**How to complete this task:**
If a line in the entries below includes "Fitch", show that line.

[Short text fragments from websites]
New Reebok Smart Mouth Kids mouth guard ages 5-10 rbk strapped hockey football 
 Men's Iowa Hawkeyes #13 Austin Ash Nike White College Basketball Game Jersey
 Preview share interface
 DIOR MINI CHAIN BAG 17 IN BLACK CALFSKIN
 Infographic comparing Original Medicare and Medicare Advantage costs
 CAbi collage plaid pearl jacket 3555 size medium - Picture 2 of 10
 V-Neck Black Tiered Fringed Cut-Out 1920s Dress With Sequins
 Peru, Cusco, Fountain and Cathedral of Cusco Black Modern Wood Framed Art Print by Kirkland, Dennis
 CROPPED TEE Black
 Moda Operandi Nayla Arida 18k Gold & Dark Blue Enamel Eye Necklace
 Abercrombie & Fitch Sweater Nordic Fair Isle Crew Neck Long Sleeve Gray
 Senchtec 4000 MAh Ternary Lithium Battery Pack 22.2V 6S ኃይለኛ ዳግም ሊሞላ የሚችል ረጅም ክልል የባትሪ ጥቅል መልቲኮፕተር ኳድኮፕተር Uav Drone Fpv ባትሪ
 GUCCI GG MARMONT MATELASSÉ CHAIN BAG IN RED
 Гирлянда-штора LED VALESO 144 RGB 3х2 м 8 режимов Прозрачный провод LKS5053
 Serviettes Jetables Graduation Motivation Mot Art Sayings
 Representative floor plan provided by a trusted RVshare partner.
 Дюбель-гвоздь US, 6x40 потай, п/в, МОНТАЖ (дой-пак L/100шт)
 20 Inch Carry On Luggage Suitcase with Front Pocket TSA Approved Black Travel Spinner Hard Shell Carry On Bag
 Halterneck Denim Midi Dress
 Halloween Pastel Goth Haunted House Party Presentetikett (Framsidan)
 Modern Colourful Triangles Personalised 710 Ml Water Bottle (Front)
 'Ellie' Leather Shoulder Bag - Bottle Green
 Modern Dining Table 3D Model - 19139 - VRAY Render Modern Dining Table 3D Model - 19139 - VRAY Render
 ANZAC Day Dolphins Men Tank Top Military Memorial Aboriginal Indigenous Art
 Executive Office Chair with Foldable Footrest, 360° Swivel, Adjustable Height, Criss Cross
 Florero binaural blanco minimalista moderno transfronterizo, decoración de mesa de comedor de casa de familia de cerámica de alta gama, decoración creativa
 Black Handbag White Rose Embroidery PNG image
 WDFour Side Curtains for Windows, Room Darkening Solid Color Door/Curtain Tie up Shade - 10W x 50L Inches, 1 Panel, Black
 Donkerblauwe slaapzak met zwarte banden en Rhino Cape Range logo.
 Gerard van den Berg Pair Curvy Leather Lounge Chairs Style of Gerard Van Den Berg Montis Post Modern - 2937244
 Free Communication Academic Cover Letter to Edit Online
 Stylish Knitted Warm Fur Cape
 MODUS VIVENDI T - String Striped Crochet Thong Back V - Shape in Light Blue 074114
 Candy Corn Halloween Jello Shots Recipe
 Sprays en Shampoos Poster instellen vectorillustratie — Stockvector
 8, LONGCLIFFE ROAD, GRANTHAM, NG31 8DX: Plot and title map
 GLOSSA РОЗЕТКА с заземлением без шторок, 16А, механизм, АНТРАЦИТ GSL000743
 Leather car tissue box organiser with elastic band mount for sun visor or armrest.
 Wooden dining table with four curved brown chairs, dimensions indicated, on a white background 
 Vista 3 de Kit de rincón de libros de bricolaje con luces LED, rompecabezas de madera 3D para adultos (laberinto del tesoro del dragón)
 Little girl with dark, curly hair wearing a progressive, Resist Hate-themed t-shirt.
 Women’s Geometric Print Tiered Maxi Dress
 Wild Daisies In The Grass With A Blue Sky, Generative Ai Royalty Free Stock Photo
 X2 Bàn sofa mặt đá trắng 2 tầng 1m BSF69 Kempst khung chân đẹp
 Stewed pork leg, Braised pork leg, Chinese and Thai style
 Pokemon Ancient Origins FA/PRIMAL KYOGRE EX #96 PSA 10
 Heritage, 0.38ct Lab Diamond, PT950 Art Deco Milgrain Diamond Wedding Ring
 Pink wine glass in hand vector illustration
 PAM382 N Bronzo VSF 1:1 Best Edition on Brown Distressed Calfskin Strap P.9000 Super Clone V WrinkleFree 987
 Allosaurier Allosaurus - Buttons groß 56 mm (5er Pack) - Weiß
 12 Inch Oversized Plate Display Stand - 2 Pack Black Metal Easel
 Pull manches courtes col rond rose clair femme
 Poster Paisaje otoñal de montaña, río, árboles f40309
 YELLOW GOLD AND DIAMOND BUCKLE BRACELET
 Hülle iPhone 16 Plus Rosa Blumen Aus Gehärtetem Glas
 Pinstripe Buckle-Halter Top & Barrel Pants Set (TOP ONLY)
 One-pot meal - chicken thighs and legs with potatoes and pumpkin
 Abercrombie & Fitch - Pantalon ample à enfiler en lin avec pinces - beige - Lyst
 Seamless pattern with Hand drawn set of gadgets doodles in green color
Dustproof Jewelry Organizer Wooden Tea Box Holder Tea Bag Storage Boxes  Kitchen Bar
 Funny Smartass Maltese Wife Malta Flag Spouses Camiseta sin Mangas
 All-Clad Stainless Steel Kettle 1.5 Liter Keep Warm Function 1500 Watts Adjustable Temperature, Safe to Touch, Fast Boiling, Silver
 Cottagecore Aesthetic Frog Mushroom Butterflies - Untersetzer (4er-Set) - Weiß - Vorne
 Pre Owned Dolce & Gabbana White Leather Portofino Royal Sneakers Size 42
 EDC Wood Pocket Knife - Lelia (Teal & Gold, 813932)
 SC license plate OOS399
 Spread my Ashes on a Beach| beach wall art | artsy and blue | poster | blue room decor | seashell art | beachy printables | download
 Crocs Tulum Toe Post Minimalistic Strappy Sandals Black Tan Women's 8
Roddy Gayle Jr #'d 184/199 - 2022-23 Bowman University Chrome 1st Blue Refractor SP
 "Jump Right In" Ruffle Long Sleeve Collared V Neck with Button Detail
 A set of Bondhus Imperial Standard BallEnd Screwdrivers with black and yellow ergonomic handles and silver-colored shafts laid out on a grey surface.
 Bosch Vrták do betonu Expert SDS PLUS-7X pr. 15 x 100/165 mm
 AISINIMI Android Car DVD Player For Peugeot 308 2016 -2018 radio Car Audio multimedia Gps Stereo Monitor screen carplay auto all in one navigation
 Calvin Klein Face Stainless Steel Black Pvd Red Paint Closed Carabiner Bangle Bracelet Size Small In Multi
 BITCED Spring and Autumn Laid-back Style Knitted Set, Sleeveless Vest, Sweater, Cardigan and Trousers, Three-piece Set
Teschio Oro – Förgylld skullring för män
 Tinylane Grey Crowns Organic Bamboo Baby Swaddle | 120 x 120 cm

**Solution below:**
 Abercrombie & Fitch Sweater Nordic Fair Isle Crew Neck Long Sleeve Gray
 Abercrombie & Fitch - Pantalon ample à enfiler en lin avec pinces - beige - Lyst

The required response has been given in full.